Quiet the Mind - How to Slow Down Your Hectic Life
We live in a hectic world which opens the door for unhealthy eating and lifestyle habits, lack of exercise, financial stresses, escalated work demands and information overload. This blocks the pathway to bliss and creates an internal stream of fear, stress, hurries, worries, and life land mines and negatively affect the mind. Given this, sometimes we catch ourselves mindlessly functioning on autopilot.
To tell you the truth, I cannot remember a time when my life wasn’t moving at Mach speed. But, I do recall a time when I felt like I was in a fog functioning on autopilot, unaware of what I was and wasn’t paying attention to. A foggy mind impairs judgment, memory and our ability to think clearly.
I can vividly recall, one day getting into my car, driving 22-miles to the office only to get out of the car and discover I left my shoes at home. That was an awakening. I begin the journey of practicing things that would dissipate the fog and quiet my mind. This is the first step to slowing down your hectic life.
A happy life must be to a great extent a quiet life, for it is only in an atmosphere of quiet that true joy dare live. ~Bertrand Russell
Quiet the Mind - Slow Down Your Hectic Life
Quiet the mind and slow down your hectic life. One of the daunting challenges of quieting the mind and slowing down your hectic life is continually returning to the babble of the mind, negative events of your past, and predicting negative outcomes for your future. This conditioned response hampers you from experiencing the fullness of joy, fulfillment, and happiness.

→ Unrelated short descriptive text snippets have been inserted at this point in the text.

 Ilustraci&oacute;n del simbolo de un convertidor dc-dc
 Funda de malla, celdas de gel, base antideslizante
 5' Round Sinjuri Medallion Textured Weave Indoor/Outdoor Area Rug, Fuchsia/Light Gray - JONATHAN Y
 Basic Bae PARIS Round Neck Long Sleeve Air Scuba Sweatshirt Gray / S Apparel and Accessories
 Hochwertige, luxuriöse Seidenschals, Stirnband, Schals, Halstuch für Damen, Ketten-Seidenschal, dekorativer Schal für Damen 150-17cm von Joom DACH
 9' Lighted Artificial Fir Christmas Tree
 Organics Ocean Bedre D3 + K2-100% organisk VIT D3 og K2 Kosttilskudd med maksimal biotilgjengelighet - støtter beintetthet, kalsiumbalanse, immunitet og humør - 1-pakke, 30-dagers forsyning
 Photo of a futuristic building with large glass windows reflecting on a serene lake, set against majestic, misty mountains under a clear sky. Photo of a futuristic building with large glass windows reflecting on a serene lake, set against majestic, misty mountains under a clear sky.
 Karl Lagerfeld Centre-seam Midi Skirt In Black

Nurturing a quiet mind and slowing down your hectic life will take practice and time but it is achievable if you believe. You must be observant of your surroundings. Pay attention to what you are paying attention to. And, hit the pause button on the internal stream of thoughts and feelings flowing from your hurried life.
Get started with these five basics:
- See Beauty: Think about things that are beautiful and provoke bliss.
- Be Intentional. Be conscious of your thoughts, feelings, and surroundings.
- Meditate. Find a quiet, relaxing place where you can sit comfortably. Close your eyes. Take in a long deep breath. Slowly exhale and then inhale. Repeat until you feel the calm.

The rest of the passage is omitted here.